You have 12 objects that r identical to each other, but one object weighs either less or more then the others, U have a balancing scale to use, but u only get to use it 3 times. how do u find which object is the one that weighs either less or more then ther others.
2007-05-02 14:59:10 · 5 answers · asked by sir_septamus 1 in Science & Mathematics ➔ Other - Science
This is a famous old problem with a very clever solution that someone will probably Google up while I'm typing this. Not being that clever, I'll just describe the general, brute force method.
Each of the three weighings can have one of three results - left pan heavy, right pan heavy, or balanced. That means there are 3x3x3 = 27 possible outcomes. The case where the two pans are always balanced tells us nothing, so eliminate it. That leaves 26 distinct results. The number of allowed variations in the coins is 24; twelve in which one coin is heavier, and 12 in which one coin is lighter. So, you should be able to pick out the odd coin of up to 13 with three weighings.
For that brute force solution, just write out all the possible permutations of outcomes - L, 0, 0; L, R, 0; etc. Now, assign one of the permutations to each possible solution. For example, if you assign "coin 2 heavy" to L, R, 0, you put coin 2 on the left in the first weighing, on the right in the second weighing, and leave it out of the third weighing. Once you have created a table of weighings, do them, and from the result pick the solution that matches the result.

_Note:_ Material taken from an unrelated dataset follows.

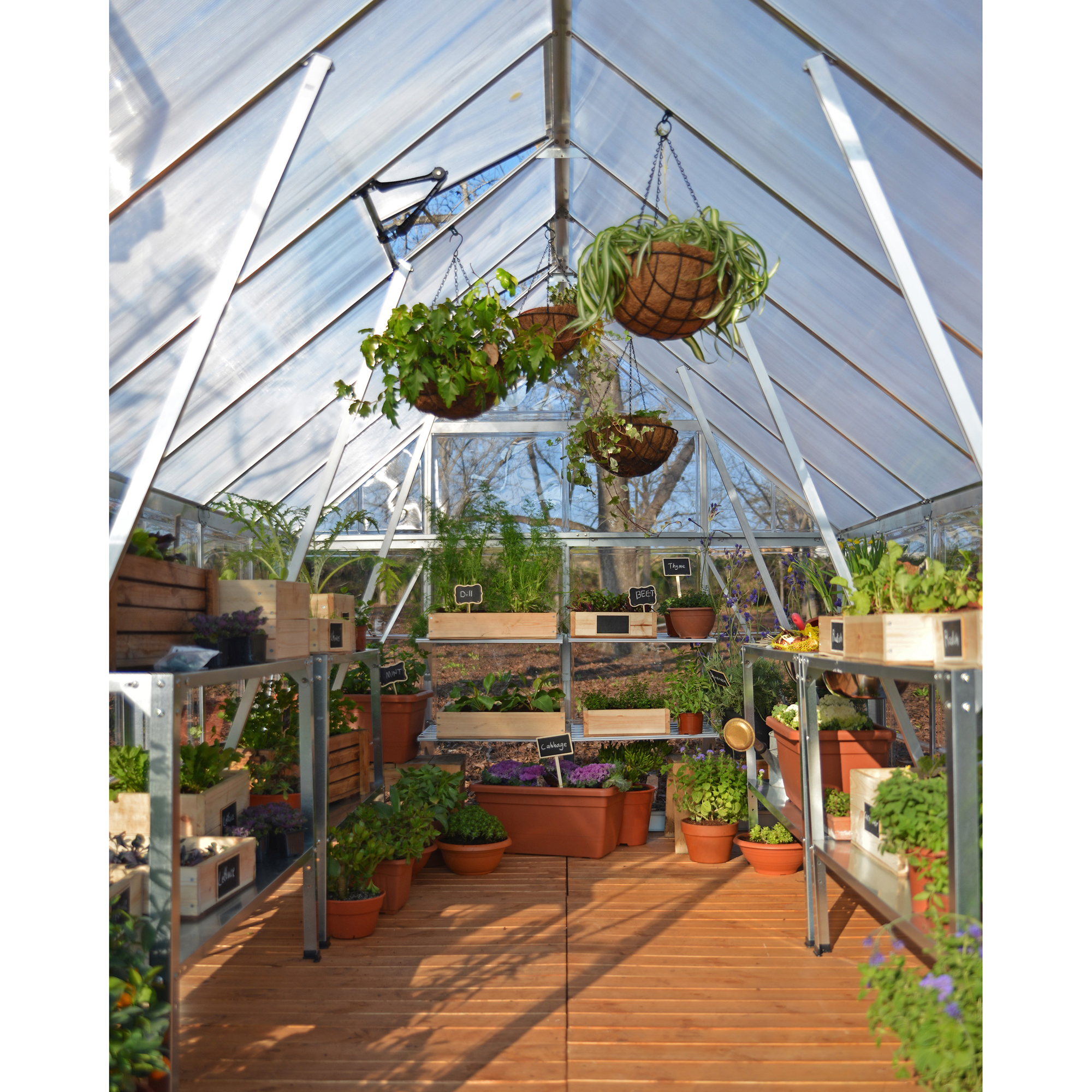 Växthus Canopia by Palram Tylösand 11,9 m²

2007-05-02 17:54:11 · answer #1 · answered by injanier 7 · 0⤊ 0⤋
Balance 6 on one side and 6 on the other side.
Take the side that weighs more/less than the other, and put 3 on one side and 3 on the other.
Take the side that weights more/less than the other, and put 1 on one side and 1 on the other, and leave one out.
You will see that one side weights more/less than the other. If the sides weigh the same, the one you have left out weighs more/less.
2007-05-02 22:03:45 · answer #2 · answered by Mathlady 6 · 1⤊ 0⤋
ok i've thought about this and...i honestly have f*ing idea! head! its hurts. :( ummm...oh oh oh. ok i'm gonna take a guess. put 6 on each side. then seperate the 6 that weigh less to 3 on each side. then ummm. i don't know. i'm stuck.
2007-05-02 22:15:18 · answer #3 · answered by OTHcutie 3 · 0⤊ 0⤋
6/6
3/3
1/1
1 out
2007-05-02 22:17:31 · answer #4 · answered by MARIA 2 · 0⤊ 0⤋
um choose wich ever one is either bigger or smaller?
lol i don't know
2007-05-02 22:05:08 · answer #5 · answered by brendz 2 · 0⤊ 0⤋